But I do have to ask, what is the purpose of this Weezer album?

You can assume the ten songs, which dip into the ‘90s (No Scrubs) and ‘60s (Happy Together and Stand By Me) but spend the bulk of their time in the ‘80s and ‘70s, are childhood favourites of Rivers Cuomo (who was born in 1970) and his band of guitar pop fans and occasional ironists.

You can assume they want their fans, many of whom have stuck loyally through the stylistic variations and quality fluctuations of Weezer since the self-titled debut, aka the Blue Album, in 1994, to share the love.

You could also assume they have taken the view that those favourites were essentially perfect as originally performed because most of the time here the arrangements and sounds of the originals are replicated either exactly or with as close an approximation as possible.

Take Toto’s Africa for example (and, of course it would be Africa, which along with Horses in Australia, is an inexplicably beloved song of the under-25s – none of whom were born of course when they were released) which except for a slightly tougher guitar tone at times is all but indistinguishable from the original. Or Take On Me, whose introductory drum pattern is slightly different from the A-Ha version but the song otherwise plays it straight.

Much the same can be said for Sweet Dreams (Are Made Of This) and Everybody Wants To Rule The World whose keyboard sounds are as faithful as a Labrador and whose vocal arrangements are as familiar as an election promise of tax cuts. And if No Scrubs doesn’t have the same slinkiness of TLC it can’t be blamed on any attempt to change too much bar some rock guitars in the middle 8.

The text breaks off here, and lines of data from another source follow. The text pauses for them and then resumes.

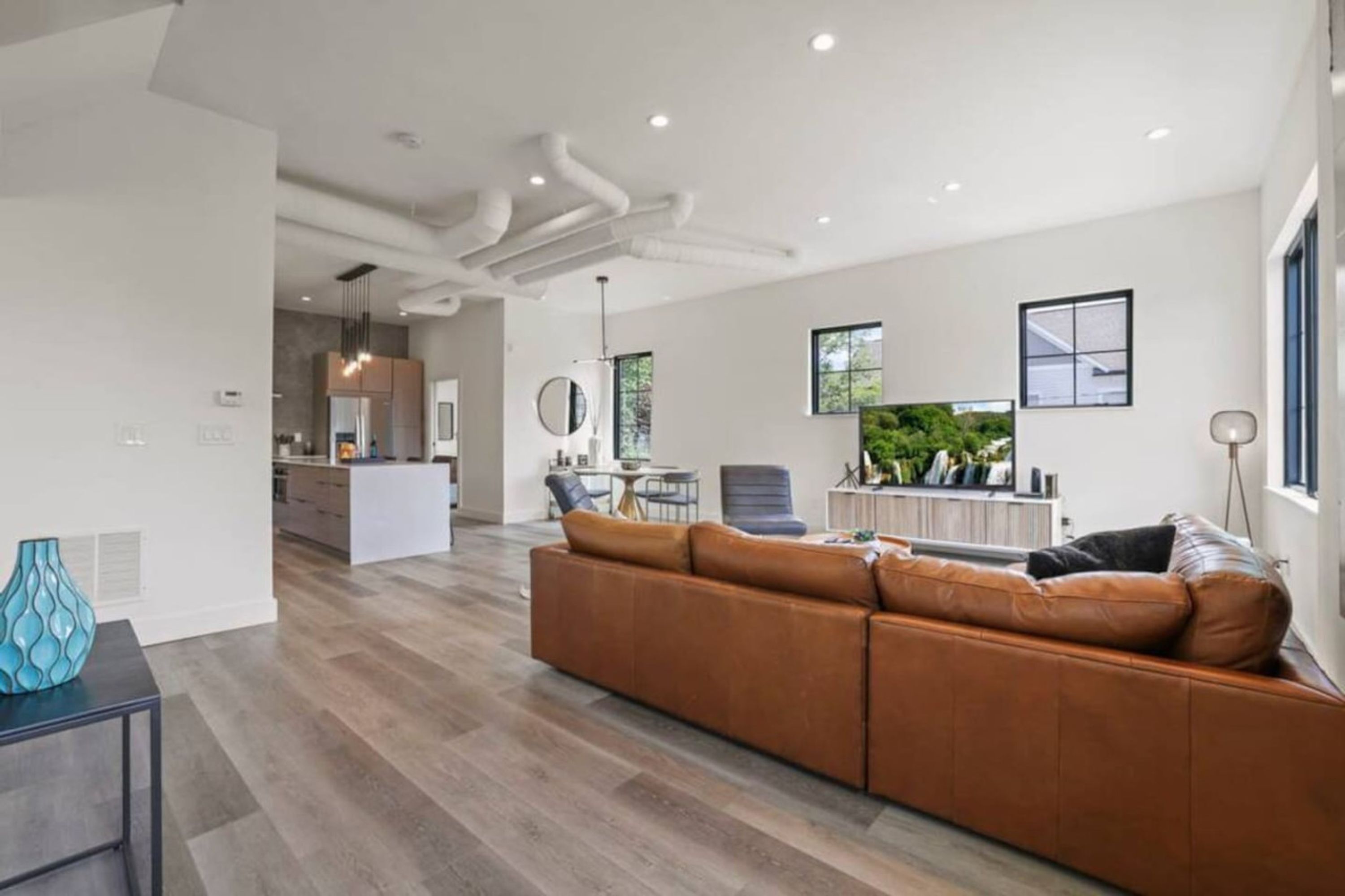 A modern living room with a brown leather sofa, a dining area with a round table, and a kitchen in the background.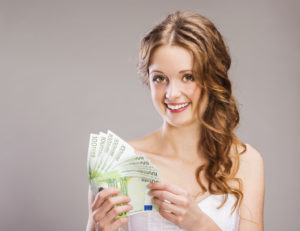Woman holds money euros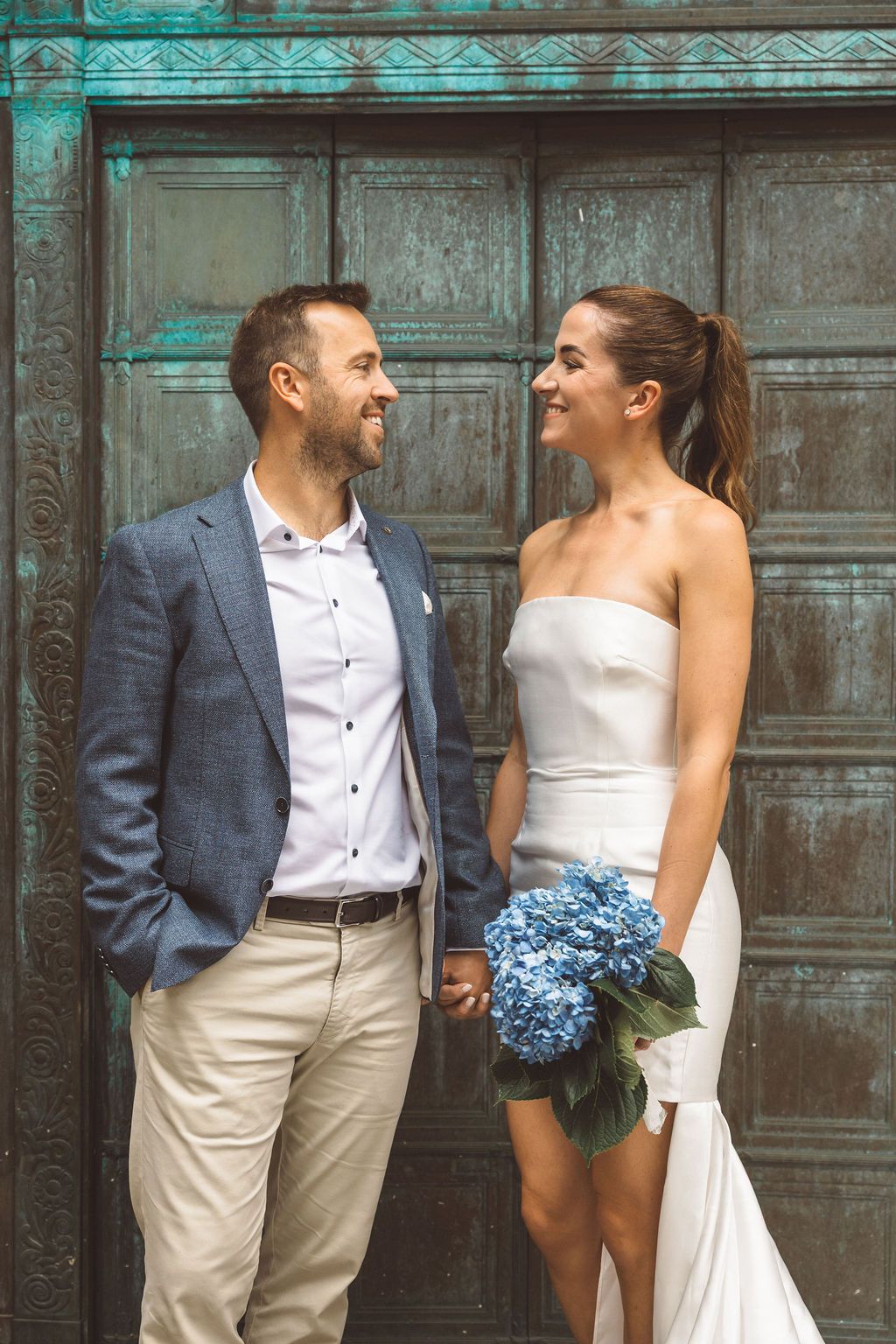 portrait of the newly married couple smiling at each other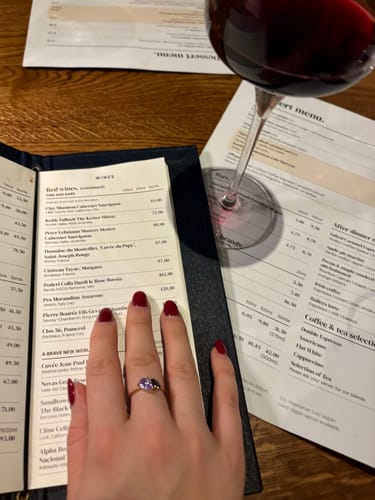 Reviewer's hand wearing the gold Leesha Birthstone Ring with purple and blue stones at a restaurant.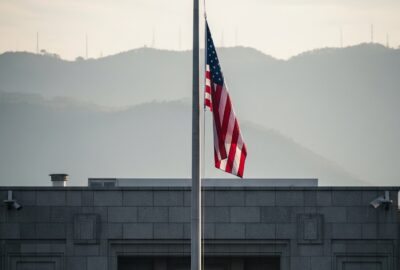 An American flag rising up a tall flagpole outside a stone embassy building under a pale sky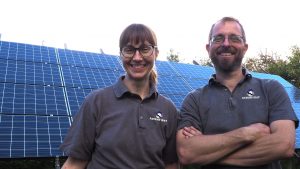 A smiling Jo and Nick of Ravens' Way with their solar photovoltaic panels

Likewise, if Paranoid isn’t as dark and invasive as the Sabbath original, it has more to with Cuomo’s sweeter voice than some sudden desire to make it pop. Or country, or R&B or anything different.

So what exactly do Weezer bring to the table with this mimicry? Nothing that says “I’d never expect to hear this song done like this”; nothing that says “when exposed/explored this way it makes me see/appreciate this song for the first time”; nothing that says “I thought I knew the best songs from [insert name here] but here’s a revelation I must go back and discover”; nothing even that says “well we’re being ironic”. Nothing that says “this is so Weezer”.

Like the colour itself, the Teal Album is neither this nor that, and unlikely to inspire anything more than middling response and being forgotten at the back of the wardrobe/cabinet soon enough when a proper colour (or the original version) is available on any streaming service.

Such an odd, wasteful, thing to do with your new record.